Must-have marketer skill: Web Scraping
Here’s a trick: You can do it in Google Sheets. Scrape links, tables, emails, social handles. ANYTHING in a sheet.
Here’s the 2-minute tutorial?
The function to know: =IMPORTXML().
This pulls in any structured data type like CSV, RSS, HTML, or XML from a URL. For this tutorial, we will work with XML or “xpaths.”

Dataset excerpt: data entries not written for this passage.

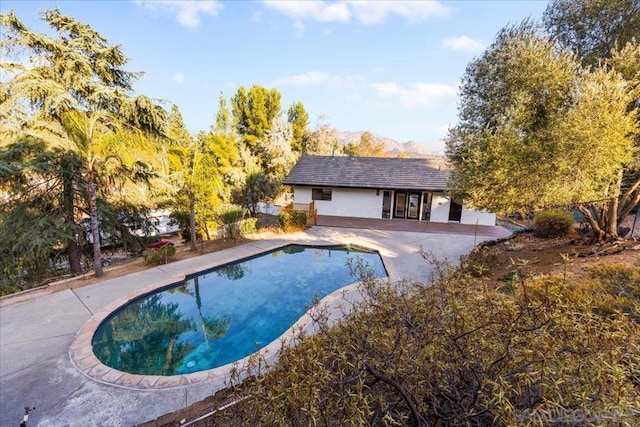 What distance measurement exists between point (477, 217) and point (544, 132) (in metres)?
11.5

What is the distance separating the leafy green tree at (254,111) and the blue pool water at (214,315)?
19536mm

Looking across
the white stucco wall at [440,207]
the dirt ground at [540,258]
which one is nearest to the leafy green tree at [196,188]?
the dirt ground at [540,258]

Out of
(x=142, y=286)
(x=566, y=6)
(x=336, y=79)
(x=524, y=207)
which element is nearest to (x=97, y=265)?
(x=142, y=286)

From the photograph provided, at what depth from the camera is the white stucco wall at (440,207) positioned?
17.4 metres

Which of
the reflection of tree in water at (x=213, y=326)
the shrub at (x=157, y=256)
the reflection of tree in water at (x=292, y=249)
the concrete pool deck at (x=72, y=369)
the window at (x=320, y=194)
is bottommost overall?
the reflection of tree in water at (x=213, y=326)

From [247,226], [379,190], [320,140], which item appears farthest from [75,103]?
[320,140]

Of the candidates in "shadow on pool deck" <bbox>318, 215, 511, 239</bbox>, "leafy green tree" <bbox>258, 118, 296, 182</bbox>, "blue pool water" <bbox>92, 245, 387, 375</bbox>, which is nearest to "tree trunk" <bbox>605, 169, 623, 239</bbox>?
"shadow on pool deck" <bbox>318, 215, 511, 239</bbox>

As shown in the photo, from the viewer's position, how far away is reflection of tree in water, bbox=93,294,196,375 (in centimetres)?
560

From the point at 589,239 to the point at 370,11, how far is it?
38.9 ft

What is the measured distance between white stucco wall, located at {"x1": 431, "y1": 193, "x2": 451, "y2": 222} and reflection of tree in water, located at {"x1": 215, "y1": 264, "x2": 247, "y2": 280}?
499 inches

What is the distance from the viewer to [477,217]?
16.7 meters

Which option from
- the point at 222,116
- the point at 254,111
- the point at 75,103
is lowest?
the point at 75,103

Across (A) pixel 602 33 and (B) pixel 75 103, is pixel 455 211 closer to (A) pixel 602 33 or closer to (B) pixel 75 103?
(A) pixel 602 33

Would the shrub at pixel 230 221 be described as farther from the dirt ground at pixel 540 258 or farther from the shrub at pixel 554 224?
the shrub at pixel 554 224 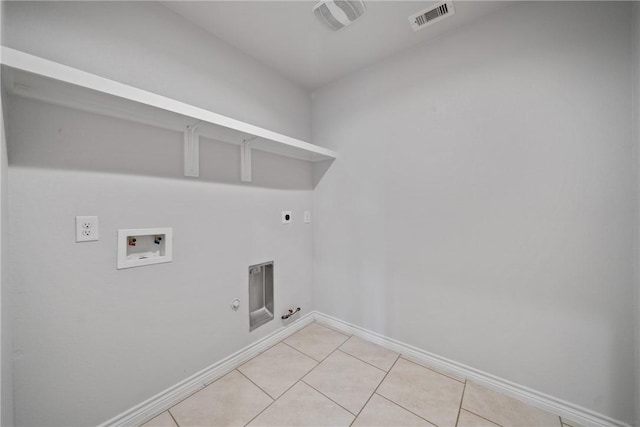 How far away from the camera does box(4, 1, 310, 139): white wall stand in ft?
3.59

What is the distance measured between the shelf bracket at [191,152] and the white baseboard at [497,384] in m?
1.99

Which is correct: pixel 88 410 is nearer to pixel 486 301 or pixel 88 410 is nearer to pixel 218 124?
pixel 218 124

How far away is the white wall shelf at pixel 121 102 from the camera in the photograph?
879 mm

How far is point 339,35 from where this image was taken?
68.9 inches

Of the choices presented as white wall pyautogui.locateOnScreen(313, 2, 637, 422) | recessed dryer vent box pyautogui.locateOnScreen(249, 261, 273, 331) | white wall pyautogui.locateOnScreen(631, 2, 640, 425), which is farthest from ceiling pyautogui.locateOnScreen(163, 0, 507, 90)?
recessed dryer vent box pyautogui.locateOnScreen(249, 261, 273, 331)

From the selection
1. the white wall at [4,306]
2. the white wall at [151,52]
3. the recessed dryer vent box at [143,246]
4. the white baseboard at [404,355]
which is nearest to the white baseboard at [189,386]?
the white baseboard at [404,355]

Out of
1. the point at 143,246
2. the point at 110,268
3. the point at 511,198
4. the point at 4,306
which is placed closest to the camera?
the point at 4,306

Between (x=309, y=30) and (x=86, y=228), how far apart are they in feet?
6.24

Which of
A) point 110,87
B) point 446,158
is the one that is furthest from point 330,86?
point 110,87

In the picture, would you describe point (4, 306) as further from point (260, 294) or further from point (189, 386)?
point (260, 294)

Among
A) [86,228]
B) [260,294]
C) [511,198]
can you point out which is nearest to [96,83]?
[86,228]

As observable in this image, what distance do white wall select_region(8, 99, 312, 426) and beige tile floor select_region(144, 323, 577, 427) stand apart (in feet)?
0.81

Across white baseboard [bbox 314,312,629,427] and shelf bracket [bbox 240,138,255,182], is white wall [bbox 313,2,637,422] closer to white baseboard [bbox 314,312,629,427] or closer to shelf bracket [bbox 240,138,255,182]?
white baseboard [bbox 314,312,629,427]

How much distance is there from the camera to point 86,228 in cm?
117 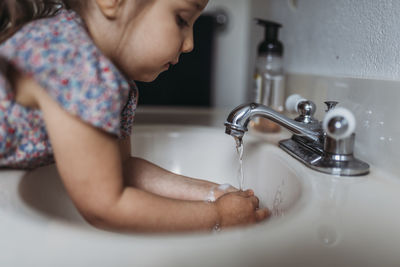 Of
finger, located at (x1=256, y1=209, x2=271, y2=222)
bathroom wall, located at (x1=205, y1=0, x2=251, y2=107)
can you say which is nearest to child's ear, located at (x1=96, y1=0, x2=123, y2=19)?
finger, located at (x1=256, y1=209, x2=271, y2=222)

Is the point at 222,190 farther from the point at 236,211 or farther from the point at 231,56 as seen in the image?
the point at 231,56

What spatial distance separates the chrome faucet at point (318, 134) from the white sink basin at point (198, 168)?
0.04 metres

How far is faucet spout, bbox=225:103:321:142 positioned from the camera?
1.87 ft

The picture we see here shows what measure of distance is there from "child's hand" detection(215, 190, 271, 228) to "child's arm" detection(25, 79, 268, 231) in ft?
0.14

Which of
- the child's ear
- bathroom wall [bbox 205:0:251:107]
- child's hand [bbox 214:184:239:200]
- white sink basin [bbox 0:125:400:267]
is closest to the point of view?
white sink basin [bbox 0:125:400:267]

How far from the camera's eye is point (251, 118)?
1.94 ft

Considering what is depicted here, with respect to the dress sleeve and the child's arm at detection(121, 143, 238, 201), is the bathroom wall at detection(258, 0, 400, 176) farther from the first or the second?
the dress sleeve

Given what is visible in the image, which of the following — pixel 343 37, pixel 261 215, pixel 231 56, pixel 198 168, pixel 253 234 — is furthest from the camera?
pixel 231 56

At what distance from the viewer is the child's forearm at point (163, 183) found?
0.65 metres

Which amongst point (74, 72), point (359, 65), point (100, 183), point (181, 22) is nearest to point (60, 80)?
point (74, 72)

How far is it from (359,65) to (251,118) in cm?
21

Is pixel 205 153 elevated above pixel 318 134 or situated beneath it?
situated beneath

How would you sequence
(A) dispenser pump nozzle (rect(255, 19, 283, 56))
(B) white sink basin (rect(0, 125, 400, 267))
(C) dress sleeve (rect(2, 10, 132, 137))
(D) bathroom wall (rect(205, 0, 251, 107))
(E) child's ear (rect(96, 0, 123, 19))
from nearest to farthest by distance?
(B) white sink basin (rect(0, 125, 400, 267))
(C) dress sleeve (rect(2, 10, 132, 137))
(E) child's ear (rect(96, 0, 123, 19))
(A) dispenser pump nozzle (rect(255, 19, 283, 56))
(D) bathroom wall (rect(205, 0, 251, 107))

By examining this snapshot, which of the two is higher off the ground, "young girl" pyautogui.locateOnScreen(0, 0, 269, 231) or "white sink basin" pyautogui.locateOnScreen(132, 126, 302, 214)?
"young girl" pyautogui.locateOnScreen(0, 0, 269, 231) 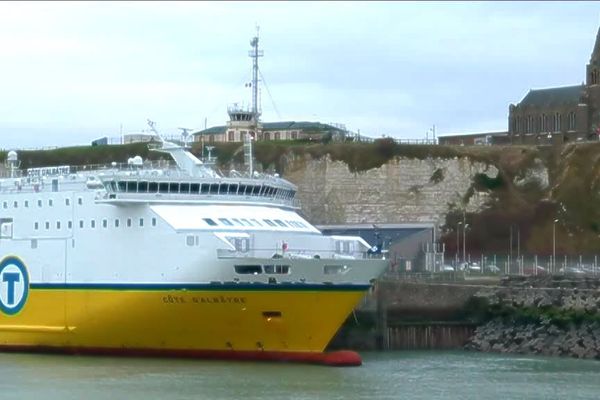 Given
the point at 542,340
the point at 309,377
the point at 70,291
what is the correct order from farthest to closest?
1. the point at 542,340
2. the point at 70,291
3. the point at 309,377

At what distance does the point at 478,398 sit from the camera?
1432 inches

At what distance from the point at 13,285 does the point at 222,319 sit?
8.99m

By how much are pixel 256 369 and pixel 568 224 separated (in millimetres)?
39947

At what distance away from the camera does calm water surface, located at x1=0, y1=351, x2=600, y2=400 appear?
3641 cm

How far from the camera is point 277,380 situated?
126 feet

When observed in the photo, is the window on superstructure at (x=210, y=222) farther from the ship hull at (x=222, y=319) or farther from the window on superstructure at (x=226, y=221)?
the ship hull at (x=222, y=319)

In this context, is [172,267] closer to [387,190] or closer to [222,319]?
[222,319]

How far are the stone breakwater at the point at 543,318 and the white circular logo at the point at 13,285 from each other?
52.9ft

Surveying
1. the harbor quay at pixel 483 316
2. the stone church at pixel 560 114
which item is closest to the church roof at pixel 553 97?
the stone church at pixel 560 114

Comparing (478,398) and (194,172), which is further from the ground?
(194,172)

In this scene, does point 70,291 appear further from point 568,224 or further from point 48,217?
point 568,224

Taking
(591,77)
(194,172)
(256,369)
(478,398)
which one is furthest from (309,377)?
(591,77)

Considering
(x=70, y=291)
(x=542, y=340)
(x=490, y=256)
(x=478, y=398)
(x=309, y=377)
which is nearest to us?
(x=478, y=398)

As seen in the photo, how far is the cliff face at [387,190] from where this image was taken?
78250 mm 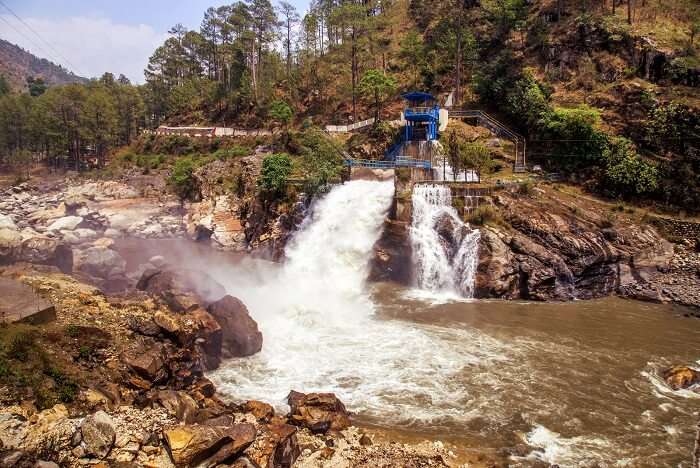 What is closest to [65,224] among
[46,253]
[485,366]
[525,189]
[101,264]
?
[101,264]

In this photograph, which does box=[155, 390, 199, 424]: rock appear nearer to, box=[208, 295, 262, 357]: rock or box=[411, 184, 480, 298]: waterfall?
box=[208, 295, 262, 357]: rock

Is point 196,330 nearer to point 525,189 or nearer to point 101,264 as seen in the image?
point 101,264

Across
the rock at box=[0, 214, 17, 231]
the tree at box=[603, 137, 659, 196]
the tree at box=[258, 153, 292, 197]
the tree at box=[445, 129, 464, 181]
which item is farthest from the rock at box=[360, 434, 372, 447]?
the tree at box=[603, 137, 659, 196]

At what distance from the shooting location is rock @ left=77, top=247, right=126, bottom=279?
24.9 metres

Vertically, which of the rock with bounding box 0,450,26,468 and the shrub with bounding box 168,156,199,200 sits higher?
the shrub with bounding box 168,156,199,200

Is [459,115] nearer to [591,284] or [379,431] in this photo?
[591,284]

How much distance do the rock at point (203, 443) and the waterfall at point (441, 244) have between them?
18612mm

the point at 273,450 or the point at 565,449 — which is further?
the point at 565,449

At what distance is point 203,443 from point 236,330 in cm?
769

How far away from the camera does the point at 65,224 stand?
37156mm

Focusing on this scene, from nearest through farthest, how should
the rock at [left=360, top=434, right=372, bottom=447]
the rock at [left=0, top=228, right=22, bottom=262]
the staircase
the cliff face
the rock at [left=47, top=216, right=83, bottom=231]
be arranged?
1. the rock at [left=360, top=434, right=372, bottom=447]
2. the rock at [left=0, top=228, right=22, bottom=262]
3. the cliff face
4. the rock at [left=47, top=216, right=83, bottom=231]
5. the staircase

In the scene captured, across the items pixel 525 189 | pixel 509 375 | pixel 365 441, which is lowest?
pixel 365 441

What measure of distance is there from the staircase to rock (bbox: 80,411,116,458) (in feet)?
115

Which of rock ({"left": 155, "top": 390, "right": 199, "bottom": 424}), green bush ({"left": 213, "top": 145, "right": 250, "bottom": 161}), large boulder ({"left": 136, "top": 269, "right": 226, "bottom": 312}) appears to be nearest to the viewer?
rock ({"left": 155, "top": 390, "right": 199, "bottom": 424}) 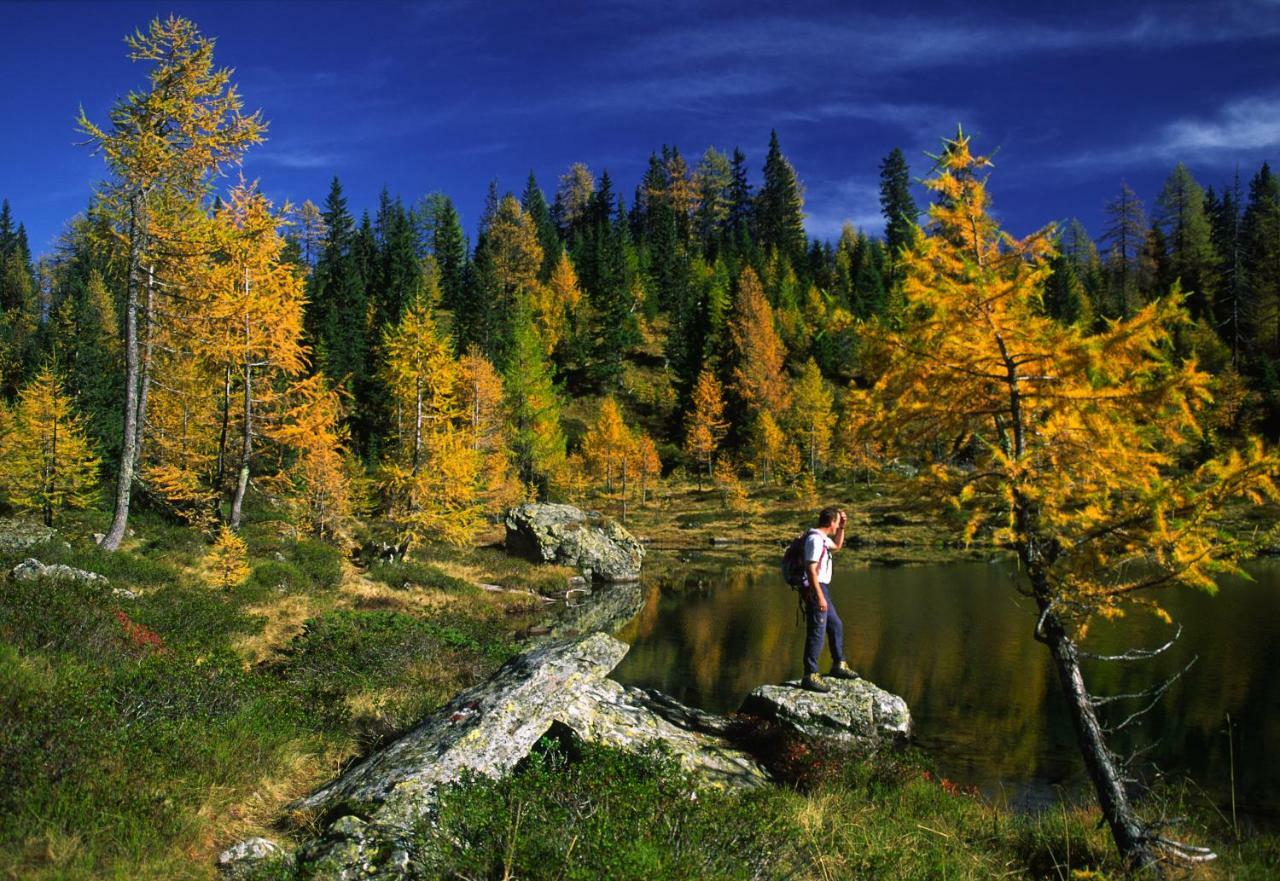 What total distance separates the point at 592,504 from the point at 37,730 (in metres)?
51.5

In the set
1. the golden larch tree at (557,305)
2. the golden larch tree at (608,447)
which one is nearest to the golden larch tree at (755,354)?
the golden larch tree at (608,447)

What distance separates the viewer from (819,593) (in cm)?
947

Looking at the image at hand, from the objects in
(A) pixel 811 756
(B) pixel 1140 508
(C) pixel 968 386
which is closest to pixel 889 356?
(C) pixel 968 386

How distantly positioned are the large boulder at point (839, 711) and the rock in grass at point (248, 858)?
6412mm

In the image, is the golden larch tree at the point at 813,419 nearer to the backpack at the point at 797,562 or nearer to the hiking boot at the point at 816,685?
the hiking boot at the point at 816,685

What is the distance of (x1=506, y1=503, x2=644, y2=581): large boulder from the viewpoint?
3466 cm

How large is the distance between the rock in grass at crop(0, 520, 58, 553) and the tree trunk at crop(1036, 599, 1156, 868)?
16232 mm

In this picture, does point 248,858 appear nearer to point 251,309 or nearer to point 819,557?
point 819,557

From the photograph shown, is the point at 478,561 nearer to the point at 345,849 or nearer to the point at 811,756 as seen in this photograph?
the point at 811,756

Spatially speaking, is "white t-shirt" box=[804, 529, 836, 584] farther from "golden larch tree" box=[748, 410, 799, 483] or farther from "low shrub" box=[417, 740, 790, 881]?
"golden larch tree" box=[748, 410, 799, 483]

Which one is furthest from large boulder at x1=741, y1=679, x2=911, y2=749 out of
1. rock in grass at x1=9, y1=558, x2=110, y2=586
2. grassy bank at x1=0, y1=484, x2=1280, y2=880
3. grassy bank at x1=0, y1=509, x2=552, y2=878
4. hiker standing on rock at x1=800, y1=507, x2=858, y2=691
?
rock in grass at x1=9, y1=558, x2=110, y2=586

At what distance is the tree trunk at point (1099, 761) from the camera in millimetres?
6180

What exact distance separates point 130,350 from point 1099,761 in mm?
16931

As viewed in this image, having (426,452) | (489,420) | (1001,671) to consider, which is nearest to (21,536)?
(426,452) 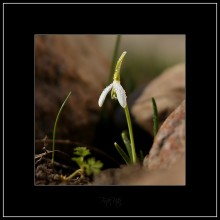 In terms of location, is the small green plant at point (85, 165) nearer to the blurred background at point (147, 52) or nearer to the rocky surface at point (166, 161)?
the rocky surface at point (166, 161)

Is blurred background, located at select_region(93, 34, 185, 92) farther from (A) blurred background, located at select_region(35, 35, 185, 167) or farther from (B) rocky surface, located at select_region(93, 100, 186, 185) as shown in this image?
(B) rocky surface, located at select_region(93, 100, 186, 185)

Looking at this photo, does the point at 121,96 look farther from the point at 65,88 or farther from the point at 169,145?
the point at 65,88

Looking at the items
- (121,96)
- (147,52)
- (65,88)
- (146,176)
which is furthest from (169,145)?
(147,52)

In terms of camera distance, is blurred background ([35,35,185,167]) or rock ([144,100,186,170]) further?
blurred background ([35,35,185,167])

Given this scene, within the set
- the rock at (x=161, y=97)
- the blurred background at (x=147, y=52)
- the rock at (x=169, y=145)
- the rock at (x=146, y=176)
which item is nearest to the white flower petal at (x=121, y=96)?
the rock at (x=169, y=145)

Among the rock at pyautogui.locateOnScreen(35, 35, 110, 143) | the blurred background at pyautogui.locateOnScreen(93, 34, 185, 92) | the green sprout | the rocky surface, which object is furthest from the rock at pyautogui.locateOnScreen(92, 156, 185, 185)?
the blurred background at pyautogui.locateOnScreen(93, 34, 185, 92)
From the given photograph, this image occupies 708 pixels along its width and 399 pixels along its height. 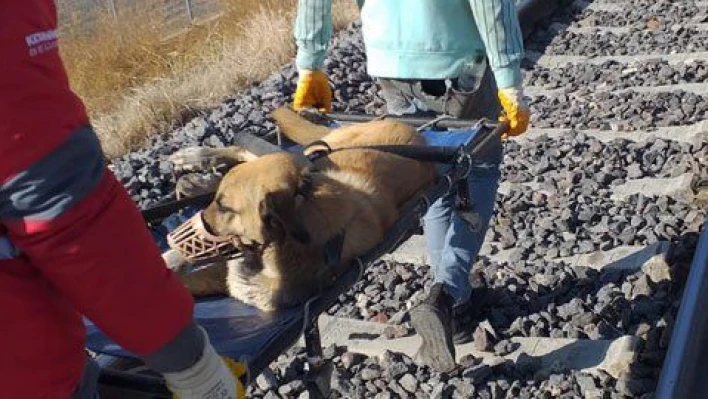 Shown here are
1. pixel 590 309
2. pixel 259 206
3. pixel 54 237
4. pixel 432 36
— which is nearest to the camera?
pixel 54 237

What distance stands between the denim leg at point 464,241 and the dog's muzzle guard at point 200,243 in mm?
1512

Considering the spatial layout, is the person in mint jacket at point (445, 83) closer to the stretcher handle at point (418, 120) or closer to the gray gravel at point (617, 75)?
the stretcher handle at point (418, 120)

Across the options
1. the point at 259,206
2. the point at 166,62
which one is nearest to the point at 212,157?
the point at 259,206

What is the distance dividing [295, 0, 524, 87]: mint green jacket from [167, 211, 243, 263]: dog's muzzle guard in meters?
1.58

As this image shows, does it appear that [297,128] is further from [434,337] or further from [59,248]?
[59,248]

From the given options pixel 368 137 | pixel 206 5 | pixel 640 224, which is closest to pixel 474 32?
pixel 368 137

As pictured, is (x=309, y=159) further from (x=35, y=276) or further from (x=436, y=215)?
(x=35, y=276)

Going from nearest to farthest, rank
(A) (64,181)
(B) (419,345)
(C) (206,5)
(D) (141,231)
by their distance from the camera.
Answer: (A) (64,181)
(D) (141,231)
(B) (419,345)
(C) (206,5)

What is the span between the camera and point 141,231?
1.88 m

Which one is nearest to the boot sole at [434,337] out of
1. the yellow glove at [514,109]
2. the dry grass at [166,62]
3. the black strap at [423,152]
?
the black strap at [423,152]

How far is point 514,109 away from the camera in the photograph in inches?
162

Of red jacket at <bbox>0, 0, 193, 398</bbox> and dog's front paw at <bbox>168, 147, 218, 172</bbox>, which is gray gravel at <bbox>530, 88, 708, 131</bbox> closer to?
dog's front paw at <bbox>168, 147, 218, 172</bbox>

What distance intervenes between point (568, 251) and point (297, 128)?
1568 mm

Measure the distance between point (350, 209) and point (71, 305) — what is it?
1.51 meters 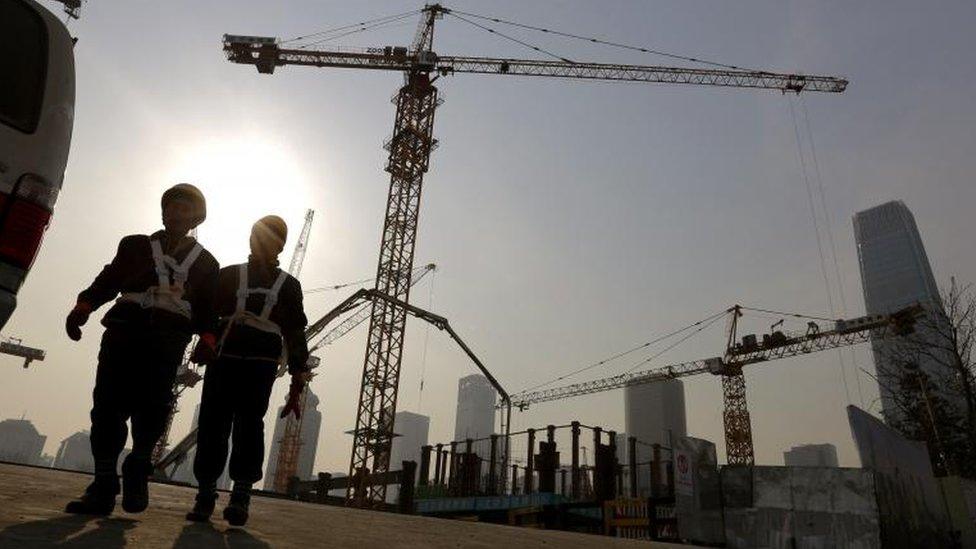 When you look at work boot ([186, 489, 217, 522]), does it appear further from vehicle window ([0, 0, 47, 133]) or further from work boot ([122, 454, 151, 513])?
vehicle window ([0, 0, 47, 133])

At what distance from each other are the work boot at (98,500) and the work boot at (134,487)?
5 centimetres

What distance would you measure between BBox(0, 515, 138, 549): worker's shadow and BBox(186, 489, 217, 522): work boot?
2.03ft

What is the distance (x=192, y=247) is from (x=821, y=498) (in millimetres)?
9268

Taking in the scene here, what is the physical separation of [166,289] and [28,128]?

=IMPORTXML() takes 2 Arguments
- The URL you want to use, including the “https://” bit and wrapped in “” . For example: “https://kolbyhatch.com“
2. The xpath of the element you want to scrape.
Let’s briefly talk xpaths ?
Think of these as roadmaps to data types on a webpage.
w3schools has a great tutorial on them:
https://www.w3schools.com/xml/xpath_intro.asp
Now xpaths can be simple or complicated, but getting them is easy.
- On the webpage, open inspector (⌃⌘C)
- Find the HTML element you want to scrape (title, H1, href, etc.)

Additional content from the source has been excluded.